El romanticismo ha sido celebrado como una cima del espíritu. Un lugar donde la belleza, la intensidad y la fidelidad a los ideales parecen más altas que cualquier otra cosa.

Hegel escribió que “lo real es racional”.

Una frase incómoda cuando pensamos en vivir en la pureza de lo que imaginamos basado en nuestro instinto. Porque si lo real es racional… ¿qué hacemos con lo que no encaja en nuestro ideal? ¿Lo rechazamos? ¿O aprendemos a mirarlo y a vincularnos hasta encontrarle algún tipo de sentido?

En ese punto, el romanticismo deja de ser un puente hacia lo que soñamos y se convierte en un muro que nos separa de lo que realmente existe.

Se ama la idea del amor más que al otro.

Se defiende una visión de vida que no soporta el roce de lo imperfecto.

Y sin darnos cuenta, empezamos a preferir lo que soñamos a lo que tenemos.

Pero quizá, en su forma más extrema, el romanticismo también sea una forma de indiferencia.

Una indiferencia hacia una gran parte de la vida. La belleza de esos ideales puede ser tan alta que se vuelva inaccesible, y es así como la fidelidad a un ideal puede exigirnos tanto que terminamos sin dejar entrar nada que lo contradiga. Esto separa nuestras posibilidades de experimentar un mayor porcentaje de gozo ante la vida, permitiéndonos participar activamente solo en aquello que encaje bajo nuestro ideal, mientras perdemos el resto como una potencial fuente de experiencia y de experimentación.

Y entonces, ¿no es eso también una renuncia?

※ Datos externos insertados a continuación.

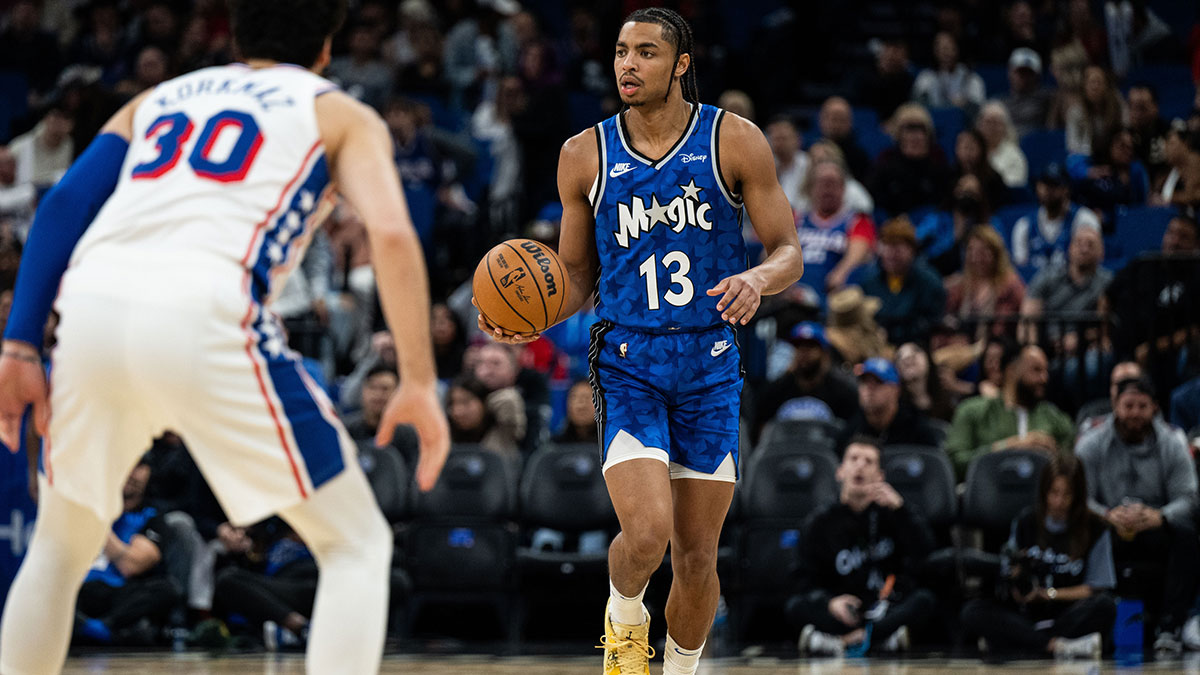 Orlando Magic guard Jett Howard (13) dribbles the ball past Philadelphia 76ers small forward Furkan Korkmaz (30) in the fourth quarter at KIA Center.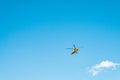 A yellow helicopter flying in the blue sky Royalty Free Stock Photo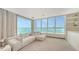 Bright living room with ample seating, floor to ceiling windows and serene water views at 350 Golden Gate Pt # 61, Sarasota, FL 34236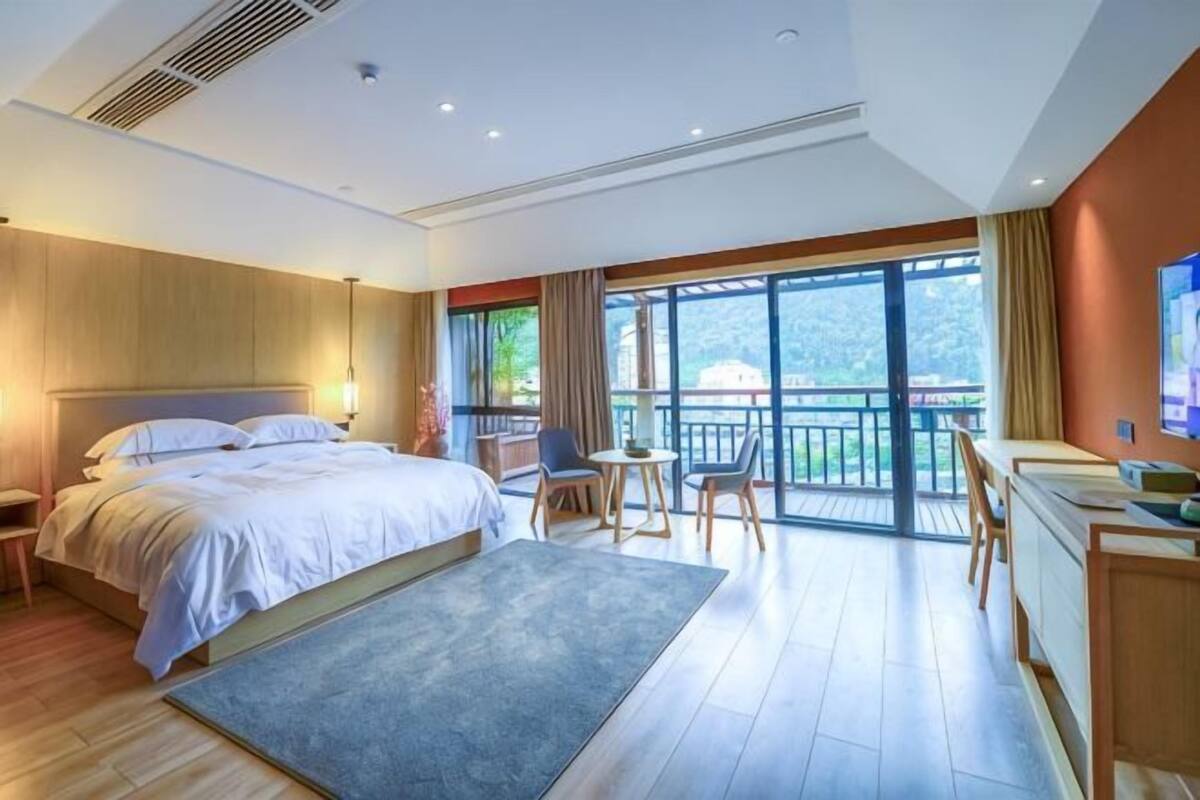 Une chambre d’hôtel avec un lit, un bureau, une chaise, un balcon et de grandes fenêtres.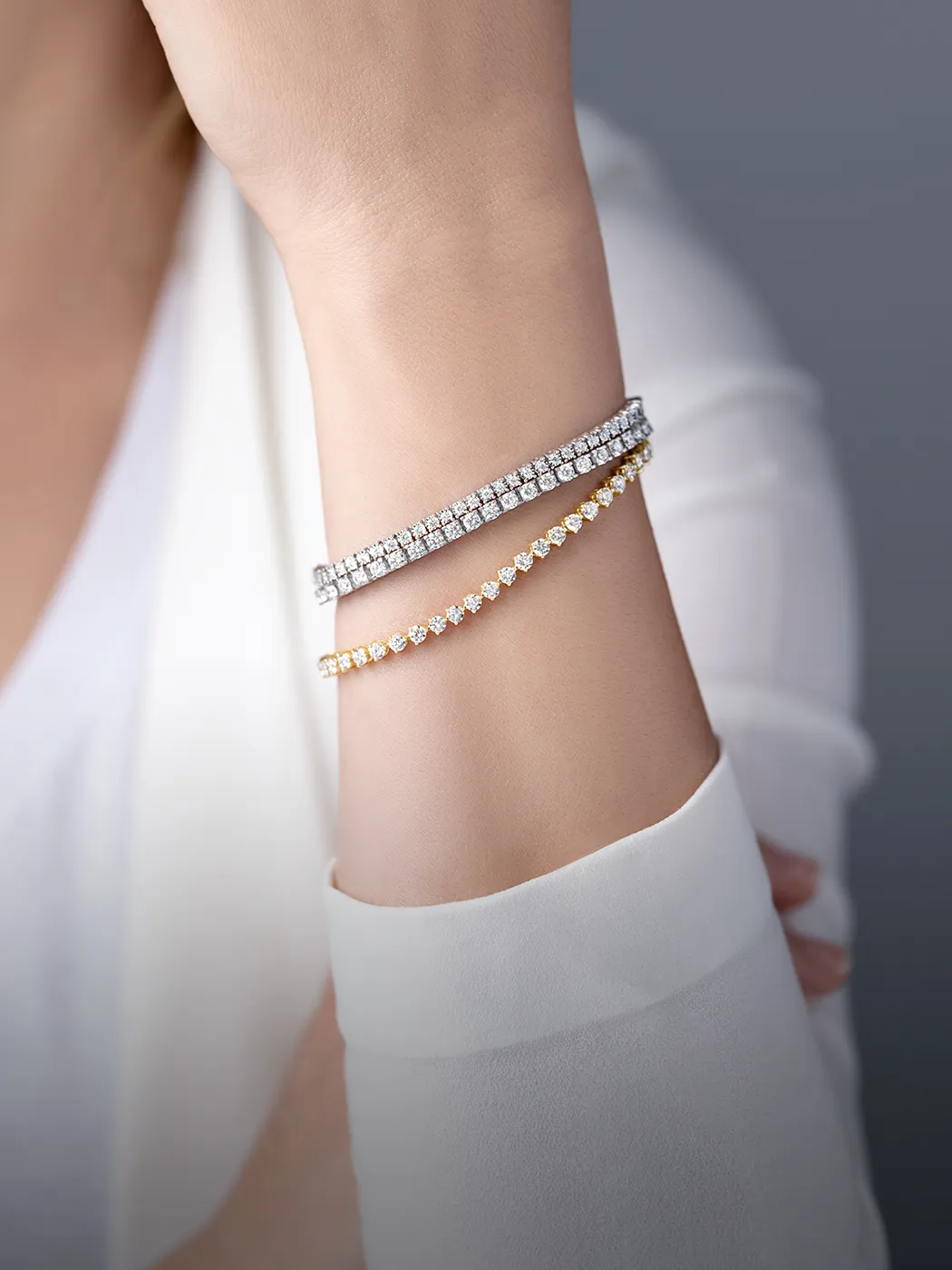 Lab-grown diamond bracelets on a wrist, showcasing elegance and style.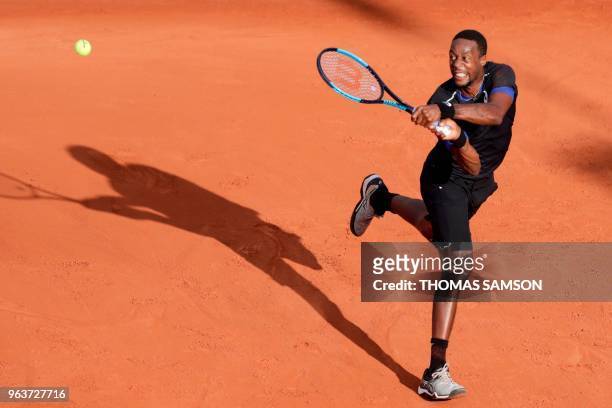 France's Gael Monfils returns the ball to Slovakia's Martin Klizan during his men's singles second round match, on day four of The Roland Garros 2018...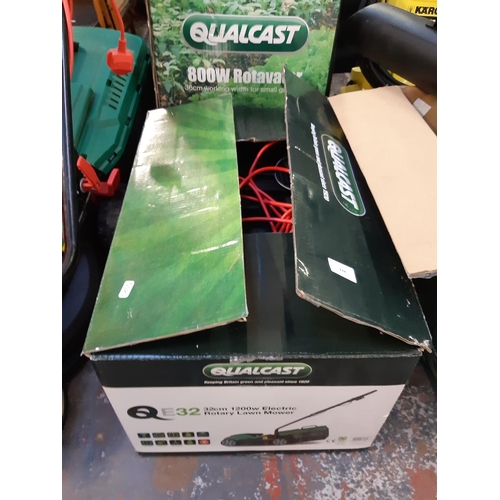 729 - A boxed Qualcast QE32 electric rotary lawn mower (Shop return)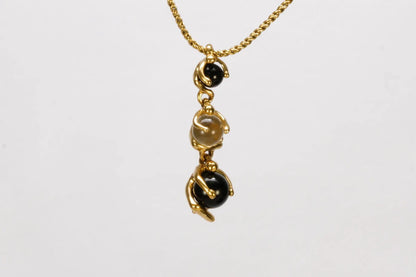 Collier JOURDAN en Plaqué Or avec pierres rondes noires et blanches Ma boutique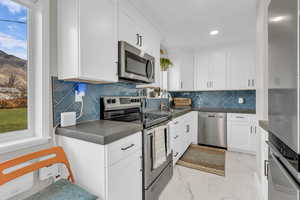 Kitchen featuring stainless steel appliances, light marble finish floors, white cabinets, tasteful backsplash, and recessed lighting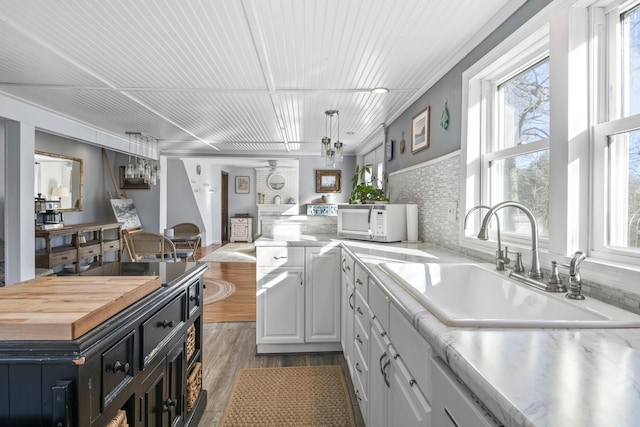 kitchen with wooden ceiling, hardwood / wood-style flooring, white cabinets, sink, and butcher block counters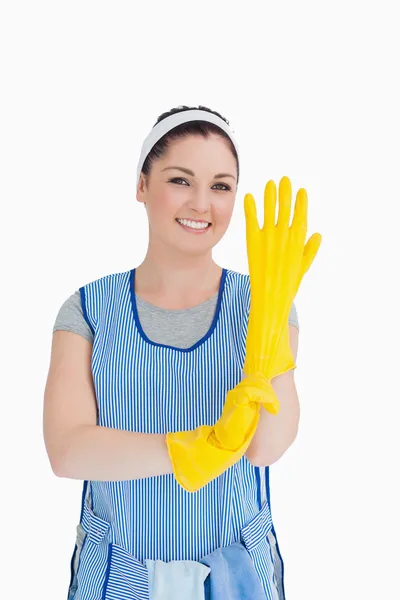 Meid zetten gele handschoenen — Stockfoto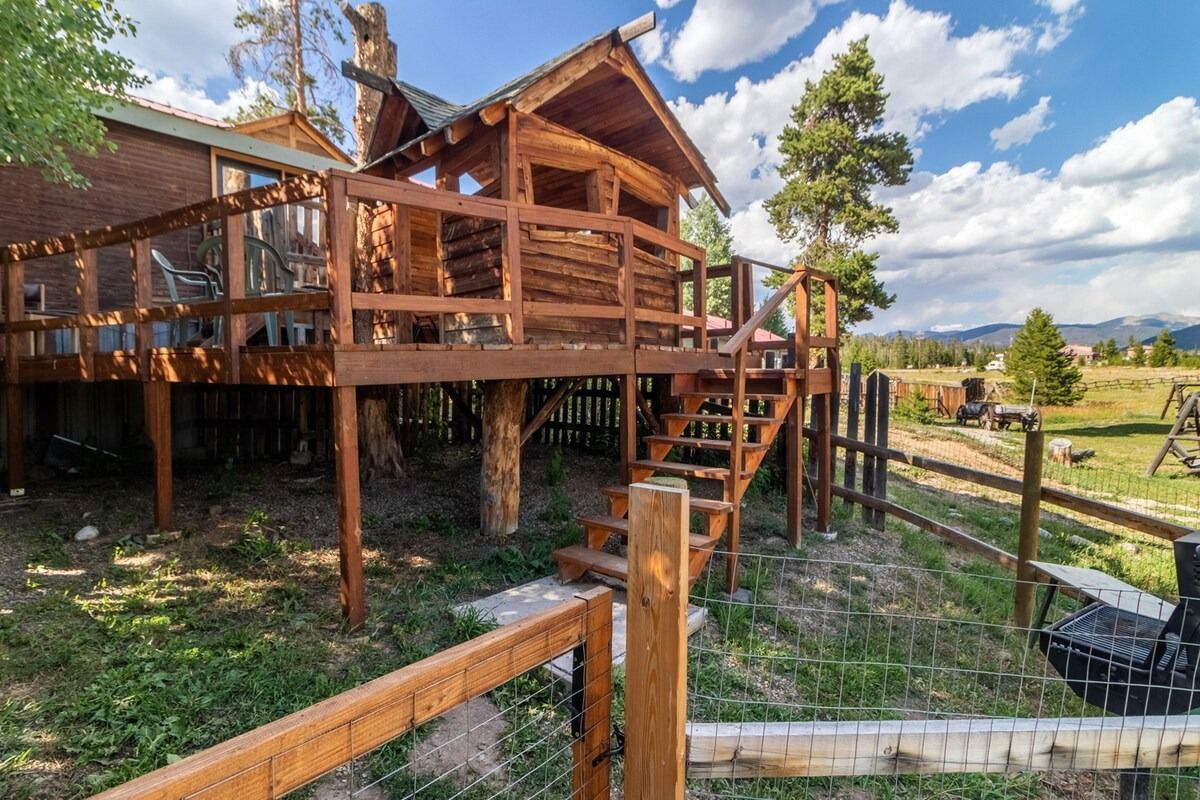 Wooden cabin deck with stairs and railings in a sunny rural landscape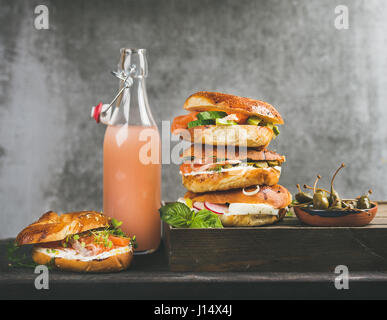 Bagels mit Lachs, Eiern, Gemüse, Kapern und Frischkäse und Grapefruit-Limonade, Flasche grau konkreten Hintergrund. Gesundes Frühstück, Mittagessen oder Stockfoto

Dice Hegel ”La «bella alma» rodeada de un ‹mundo hostil», que resulta ser alguien demasiado bello para vivir la realidad, es una especie de ángel caído en desgracia. Como si este mundo no lo hubiera hecho, como si no llevara en él todos sus problemas y sus conflictos, como si él mismo no fuera de este mundo, por lo cual cree ver por encima del hombro”

Cita del libro: Arte y filosía de Estanislao Zuleta

La verdadera invitación es volver a una sensibilidad romántica, entendida como un modo de relacionarnos con lo humano y lo vital en toda su dimensión. No se trata de reducir la experiencia a la razón ni de entregarse ciegamente a la intuición, sino de abrirnos a un campo más amplio donde lo simbólico, lo afectivo y lo sensible encuentran lugar. Esto implica también una nueva actitud ante la vida: el desafío no está en elevarla a la altura de los sueños, sino en permitir que los sueños aprendan a caminar por la experiencia cotidiana. Vincularnos con lo que no es perfecto y, aun así, llamarlo bello.

Porque el romanticismo, si no se mezcla con la tierra, termina siendo un espectador del mundo: contempla, idealiza… pero nunca participa.